The audit further found a 98 percent vacancy rate among Medical Officer Special Grades assigned to critical care, while specialised Nursing Officers are understaffed by 91 percent. The Auditor General warns that these shortages fundamentally undermine the intended life-saving role of critical care units and increase the risk of medical errors and poor patient outcomes.
The staffing crisis is not limited to intensive care. Across public health facilities, the report notes a widespread lack of healthcare specialists in several key disciplines. Emergency Medicine services are operating with a 64 percent staffing gap, while both Pathology and Psychiatry face vacancy rates of 66 percent. These shortages, the audit observes, weaken the entire referral system and delay diagnosis and treatment of serious conditions.
The Auditor General links chronic understaffing to the poor performance of government-funded health projects, noting that expensive medical equipment is often underutilised and depreciates rapidly due to lack of trained personnel. In some facilities, machines worth billions of shillings were found idle or minimally used because there were no specialists to operate them.
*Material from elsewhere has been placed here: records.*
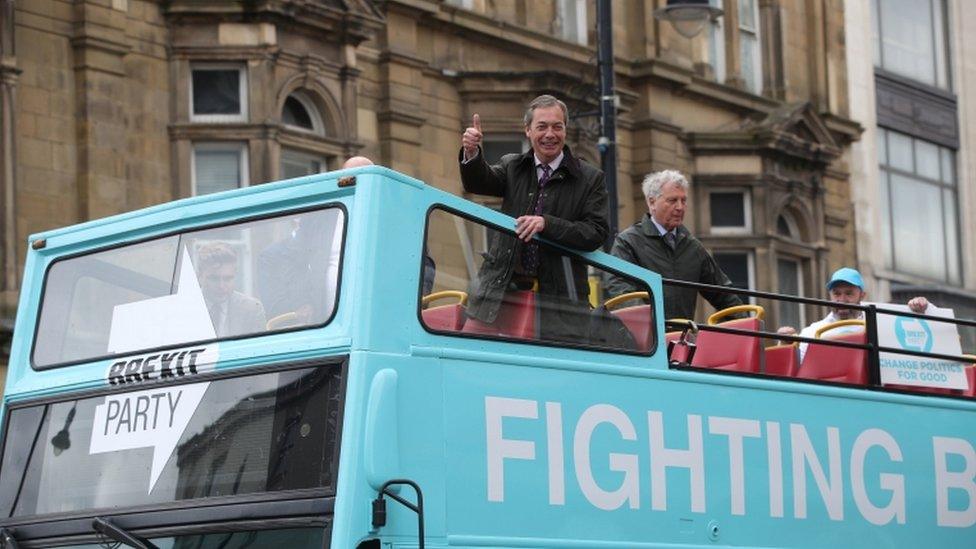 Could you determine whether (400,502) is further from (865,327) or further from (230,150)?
(230,150)

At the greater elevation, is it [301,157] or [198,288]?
[301,157]

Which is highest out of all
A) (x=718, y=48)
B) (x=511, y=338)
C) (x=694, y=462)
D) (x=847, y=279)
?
(x=718, y=48)

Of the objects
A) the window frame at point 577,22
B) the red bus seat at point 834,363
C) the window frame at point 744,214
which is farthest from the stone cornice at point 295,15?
the red bus seat at point 834,363

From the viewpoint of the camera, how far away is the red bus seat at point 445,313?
339 inches

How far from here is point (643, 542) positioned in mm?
9188

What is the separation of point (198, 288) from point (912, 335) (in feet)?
14.3

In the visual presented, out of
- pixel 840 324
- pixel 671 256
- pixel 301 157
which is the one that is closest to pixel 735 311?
pixel 671 256

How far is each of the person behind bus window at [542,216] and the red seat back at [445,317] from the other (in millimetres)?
92

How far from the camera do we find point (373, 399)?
322 inches

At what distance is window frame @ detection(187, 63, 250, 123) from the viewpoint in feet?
79.5

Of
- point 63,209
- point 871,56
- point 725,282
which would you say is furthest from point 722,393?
point 871,56

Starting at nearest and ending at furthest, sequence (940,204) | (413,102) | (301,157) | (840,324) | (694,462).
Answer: (694,462) → (840,324) → (301,157) → (413,102) → (940,204)

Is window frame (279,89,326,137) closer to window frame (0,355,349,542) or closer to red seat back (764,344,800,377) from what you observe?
red seat back (764,344,800,377)

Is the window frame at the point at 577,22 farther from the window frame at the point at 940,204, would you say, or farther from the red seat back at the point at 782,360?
the red seat back at the point at 782,360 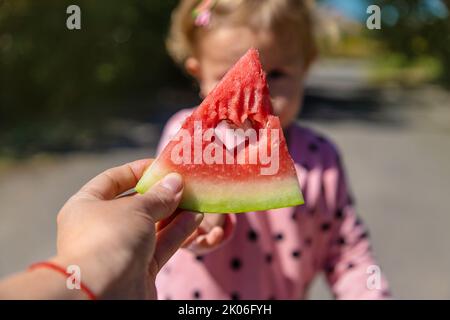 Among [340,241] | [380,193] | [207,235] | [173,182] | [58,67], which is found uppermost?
[58,67]

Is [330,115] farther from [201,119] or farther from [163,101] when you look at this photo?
[201,119]

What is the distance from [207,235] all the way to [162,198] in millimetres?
456

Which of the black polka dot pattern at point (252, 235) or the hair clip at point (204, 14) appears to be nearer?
the hair clip at point (204, 14)

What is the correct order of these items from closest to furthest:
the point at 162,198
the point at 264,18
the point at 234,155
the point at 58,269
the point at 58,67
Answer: the point at 58,269 < the point at 162,198 < the point at 234,155 < the point at 264,18 < the point at 58,67

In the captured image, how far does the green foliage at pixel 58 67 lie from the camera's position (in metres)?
8.01

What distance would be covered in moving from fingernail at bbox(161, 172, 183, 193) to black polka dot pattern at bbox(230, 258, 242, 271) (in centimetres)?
82

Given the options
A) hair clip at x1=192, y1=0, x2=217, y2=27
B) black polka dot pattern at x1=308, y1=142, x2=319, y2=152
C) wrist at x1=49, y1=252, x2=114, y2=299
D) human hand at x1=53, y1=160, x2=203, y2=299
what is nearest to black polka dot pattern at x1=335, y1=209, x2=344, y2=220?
black polka dot pattern at x1=308, y1=142, x2=319, y2=152

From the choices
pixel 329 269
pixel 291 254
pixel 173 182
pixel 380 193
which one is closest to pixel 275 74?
pixel 291 254

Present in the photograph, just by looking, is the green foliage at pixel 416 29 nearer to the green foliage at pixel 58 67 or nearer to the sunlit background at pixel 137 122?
the sunlit background at pixel 137 122

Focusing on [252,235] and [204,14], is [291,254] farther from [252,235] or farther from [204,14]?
[204,14]

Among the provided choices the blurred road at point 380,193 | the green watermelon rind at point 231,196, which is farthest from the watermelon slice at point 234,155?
the blurred road at point 380,193

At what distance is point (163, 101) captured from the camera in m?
12.9

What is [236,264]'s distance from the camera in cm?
188

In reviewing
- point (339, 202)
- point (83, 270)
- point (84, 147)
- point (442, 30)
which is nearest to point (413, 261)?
point (339, 202) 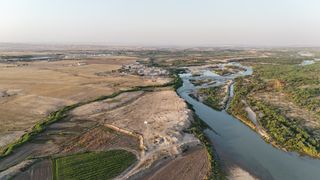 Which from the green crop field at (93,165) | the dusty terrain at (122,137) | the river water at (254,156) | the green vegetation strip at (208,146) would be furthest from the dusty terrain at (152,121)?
the river water at (254,156)

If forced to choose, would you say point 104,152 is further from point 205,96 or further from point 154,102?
point 205,96

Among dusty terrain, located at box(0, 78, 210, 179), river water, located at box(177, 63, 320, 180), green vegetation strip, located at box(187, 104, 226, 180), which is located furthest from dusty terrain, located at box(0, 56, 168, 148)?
river water, located at box(177, 63, 320, 180)

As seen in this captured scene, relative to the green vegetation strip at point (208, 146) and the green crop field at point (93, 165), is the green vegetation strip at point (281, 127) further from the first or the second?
the green crop field at point (93, 165)

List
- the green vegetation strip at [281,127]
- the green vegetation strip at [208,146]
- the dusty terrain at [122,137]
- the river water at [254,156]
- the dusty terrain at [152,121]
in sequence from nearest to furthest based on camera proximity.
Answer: the green vegetation strip at [208,146]
the river water at [254,156]
the dusty terrain at [122,137]
the dusty terrain at [152,121]
the green vegetation strip at [281,127]

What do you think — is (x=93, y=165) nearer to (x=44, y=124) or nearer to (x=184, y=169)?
(x=184, y=169)

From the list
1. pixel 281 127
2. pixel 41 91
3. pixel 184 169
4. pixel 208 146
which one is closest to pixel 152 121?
pixel 208 146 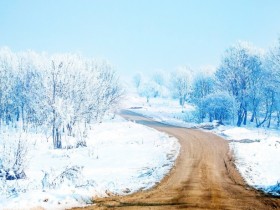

As a result, patients requiring advanced care are increasingly being referred to private facilities, significantly raising out-of-pocket expenses for families. The report warns that this trend is deepening health inequalities and placing an unsustainable financial burden on households.
The audit attributes the staffing crisis to several structural challenges, including high entry requirements for specialised medical training, inadequate wage allocations and significant pay disparities between public service and private practice. These factors, the Auditor General notes, have made it difficult for government hospitals to attract and retain highly trained professionals.
Preventive health services are also under pressure. The report raises concerns about vaccine safety due to an aging cold chain infrastructure, revealing that nearly half of all cold chain equipment has been in use for more than seven years. Aging equipment increases the risk of temperature excursions, which can compromise vaccine potency.
In addition, the audit found that 10 districts received more than 1.7 million vaccine doses without comprehensive needs assessments, creating a high risk of overstocking and vaccine wastage through expiry. The Auditor General cautions that weak planning and monitoring could disrupt the national immunisation programme if not urgently addressed.
In his recommendations, the Auditor General urged the Ministry of Health to work closely with the Ministry of Public Service and the Health Service Commission to develop and implement a comprehensive strategy to close the critical staffing gaps, particularly in intensive care and other high-risk specialties.
He also advised the government to prioritise routine maintenance and timely replacement of aging medical and cold chain equipment to protect investments and ensure continuity of essential health services.
The report concludes that without urgent and coordinated intervention, Uganda’s referral health system risks further deterioration, with dire consequences for patient survival, public confidence and the overall cost of healthcare.